Noise Reduction and Sharpening


Today’s Question: In the Detail section for Adobe Lightroom or Camera Raw what do you suggest for the different slider values for both reducing noise and sharpening the image?

Tim’s Quick Answer: As a general rule, the sharpening applied to the initial raw capture (not for final output) should be minimal, so that it is just enough to compensate for a loss of fine detail in the original capture. Noise reduction should generally be applied in moderation as well, to avoid reducing the sharpness and color accuracy of the image.

More Detail: In some respects, sharpening and noise reduction are performing opposite tasks, and so it is important to be careful not to get too aggressive with one at the detriment of the other.

For sharpening, the key settings are Amount and Radius.
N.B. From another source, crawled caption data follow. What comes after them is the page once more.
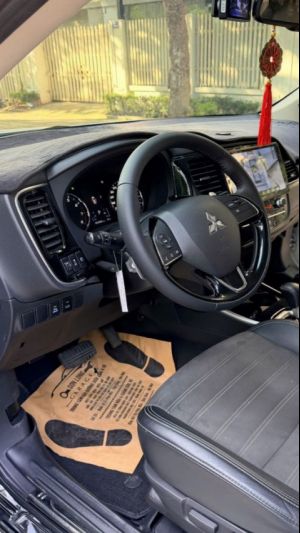 Xe Mitsubishi Outlander 2.0 CVT 2022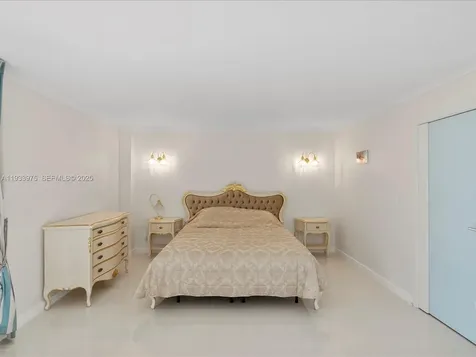 8877 Collins Avenue Surfside FL 33154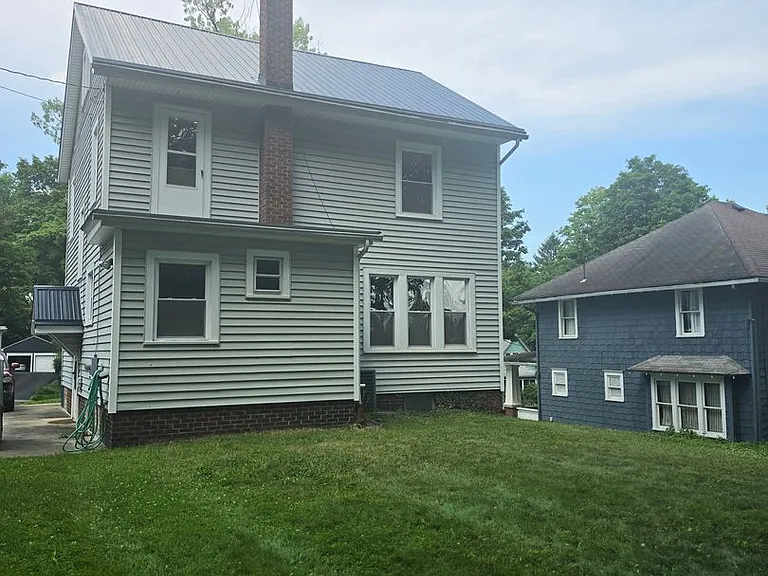446 Earl Ave — Photo 3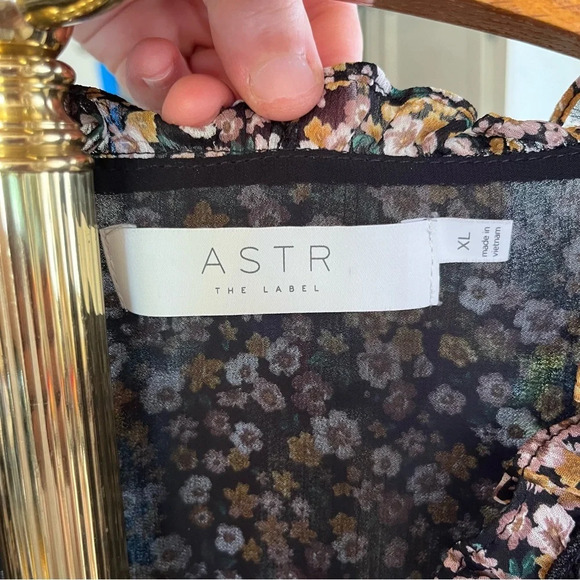 ASTR THE LABEL ~ Ximena Dark Ditsy Floral Faux Wrap Peplum Top in Black Mustard - Picture 11 of 13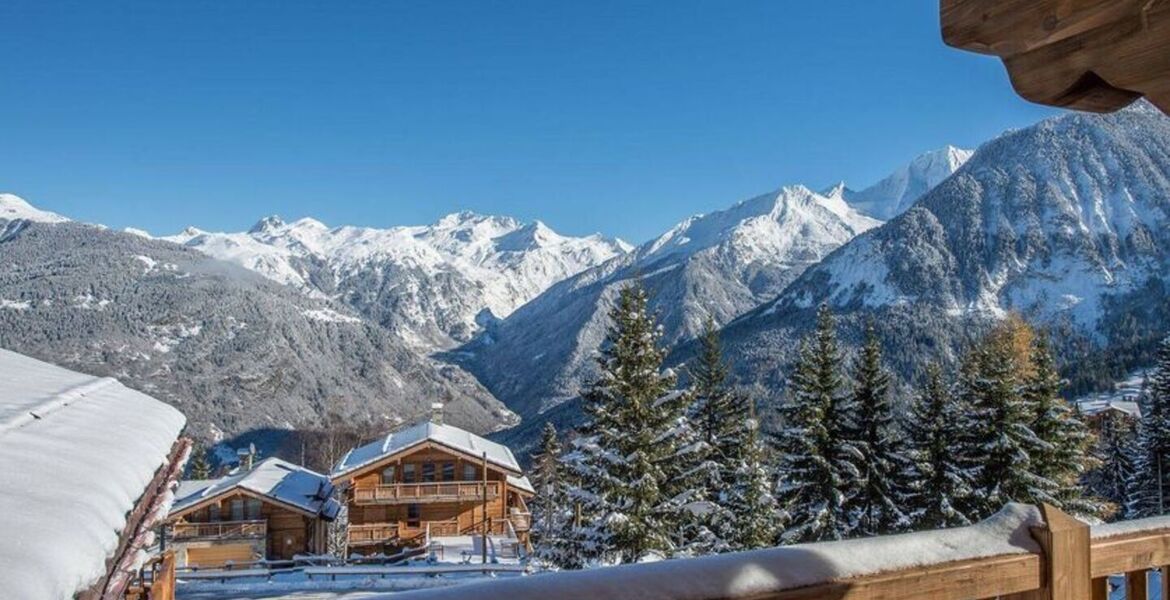 Chalet for rent in Courchevel 1550 Village with 200 sqm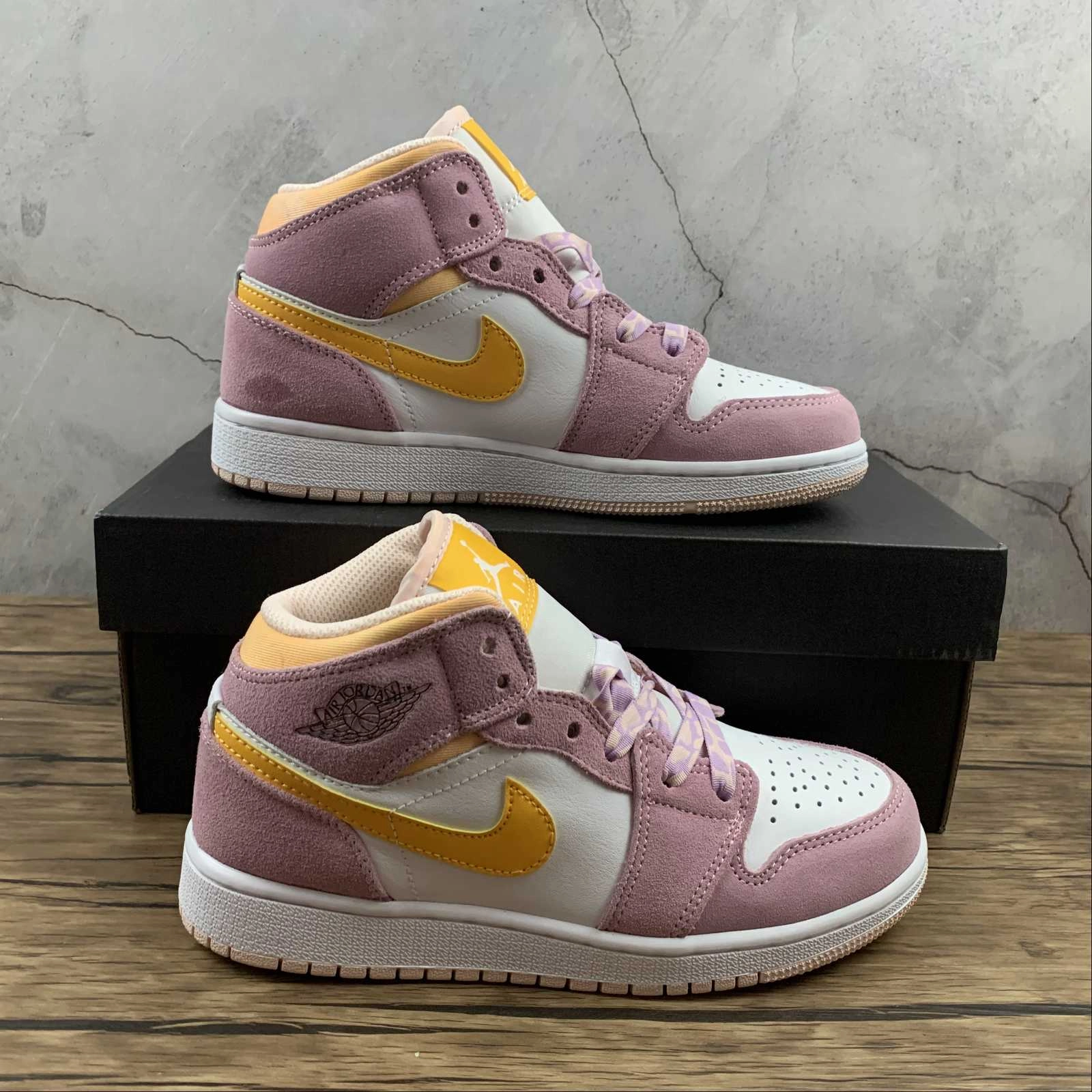 Flexible Outsole Flexure Grounded Footbed Air Jordan 1 Mid SE (GS) Lt Arctic Pink University Gold (2021) DC9517-600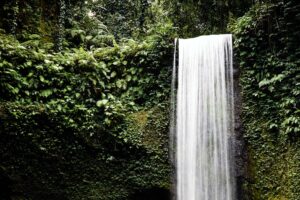 Bali Water Blow – Photo Print Wall Art Indonesia - Bali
The Amount value controls the strength of the sharpening effect, and in Lightroom or Camera Raw I recommend keeping the value for Amount below about 75. Generally, a value somewhere between 25 and 50 will work well for most images.

For the Radius slider, you will generally want to use a value of 1.0 or lower. For images with significant fine detail you may want to use a lower value of around perhaps 0.6 to 0.9, using a slightly higher value for Amount to compensate. For images without much fine detail, you might want to use a higher value for Radius (perhaps as high as 2.0), but with a lower value for Amount to compensate for the larger size of the sharpening effect.

The Detail and Masking controls enable you to limit the sharpening to only the areas that contain detail and texture. Increasing the value for Detail will result in more enhancement of details in the photo. By contrast, increasing the value for Masking will enable you to focus the sharpening effect to only areas with texture, so that smooth areas of the photo will not be sharpened.

For noise reduction, the key settings are Luminance (for noise exhibited by variations in tonal values) and Color (for noise exhibited by variations in color values). The Luminance and Color sliders control the strength of the noise-reduction effect. Obviously you want to make sure you apply enough noise reduction to improve the appearance of the photo. It is important, however, not to use a value that is too high, as doing so can degrade image quality.

The Luminance slider is the more critical of these two, because increasing the value for Luminance to a high value will seriously degrade the texture and detail in a photo, adding what is essentially a blur effect. I try to limit the value for Luminance to around 10 or so, recognizing that this is a compromise when noise is significant in the photo.

You can be a little more aggressive with the Color slider, and I consider values up to around 60 or so to be safe in most cases. Going too high can result in some unwanted blending of colors in the photo, especially along edges where different colors meet.

For both the Luminance and Color noise reduction adjustments, I recommend using a rather low value for Detail. I try to keep this setting below about 25. When using a higher value for Detail you’ll want to make sure that you aren’t seeing individual pixels appearing that strongly contrast with surrounding areas, as this is a common side-effect of a value for Detail that is too high.

For Color noise reduction you can generally use a rather high value for Smoothness, which can help blend color variations left behind by color noise reduction, and greatly enhance the final effect. I often use a value of 80 or more for the Smoothness slider.

It is important to keep in mind that all of these settings will vary based on the content of the image you’re working on, your own preferences and priorities for the image, and other factors. Use the above information as a guide, and fine-tune as needed based on the individual image you’re working on at any given time.